A trama é simples, já que o roteiro se sustenta no improviso e no talento de Moore, que vai do sorriso às lagrimas de maneira natural e graciosa. Na história, Gloria está no auge de sua meia idade e, apesar das limitações, tem espírito livre e vontade de viver e ser feliz. Gosta de dançar e se sente uma jovem em plena descoberta do mundo, no entanto, quando Arnold (John Turturro) entra em sua vida, o amor, a solidão e o desespero colidem enquanto ela precisa aprender a viver consigo mesma. E dessa premissa é espremida todo o caldo possível, que faz render a trama por toda uma jornada de autoconhecimento da protagonista.

Aliás, o maior problema do filme reside exatamente nessa arrastada narrativa. O ritmo é lento e repetitivo em muitas cenas, algo que afasta a força da obra quando, na verdade, deveríamos estar presos em sua trama. Apesar disso, o humor ácido funciona para nos resgatar em diversos momentos e não permite que o tédio se estabeleça por completo. Essa luta do roteiro contra a mesmice de outras obras, que já lidaram com o mesmo tema (como o argentino ‘Um Amor Inesperado’, por exemplo, que também aborda redescobertas e amores na meia idade), é constante, mesmo que aqui o assunto seja tratado do ponto de vista de uma mulher independente e bem sucedida na vida, mas solitária em suas escolhas. E é aí que entra o trabalho excepcional da direção, que utiliza planos fechados, closes e detalhes para mergulhar no íntimo da protagonista, como se a câmera não existisse. Essa busca pelo realismo é alcançada com êxito e destaca o filme dos demais.

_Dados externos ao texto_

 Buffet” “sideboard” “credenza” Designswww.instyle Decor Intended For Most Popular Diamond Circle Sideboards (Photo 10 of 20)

Outro elemento forte é a música. A trilha sonora transcende e se insere dentro dos diálogos da protagonista, que fala pouco, mas que expressa seus pensamentos através das canções que ocasionalmente escuta na rádio. Uma artimanha inteligente, que poupa ainda mais o precioso tempo e impede que o ritmo seja mais lento, deixando espaço para que Julianne Moore possa brilhar com sua expressão corporal e olhares penetrantes, com uma atuação cativante, segura de si e divertida, um reflexo da uma carreira fantástica. Claramente a atriz se identifica com a personagem e abraça todas as suas qualidades e defeitos na composição.

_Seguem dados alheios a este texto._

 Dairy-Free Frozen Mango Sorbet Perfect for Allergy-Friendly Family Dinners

‘Gloria Bell’ é cativante por ser uma história simples, sobre uma mulher comum, que precisa lidar com o fato de estar envelhecendo ao mesmo tempo que vê o amor idealizado se perder em sua juventude. Julianne Moore é puro talento e sua identificação com a personagem fortalece a verdade em sua atuação. Não é uma obra tão fundamental como o trabalho do diretor em ‘Uma Mulher Fantástica’, mas fornece uma divertida, melancólica e poderosa reflexão, já que alfineta a busca desenfreada pela felicidade ao lado de outra pessoa, quando a primeira grande lição da vida é aprender a amar a si mesmo.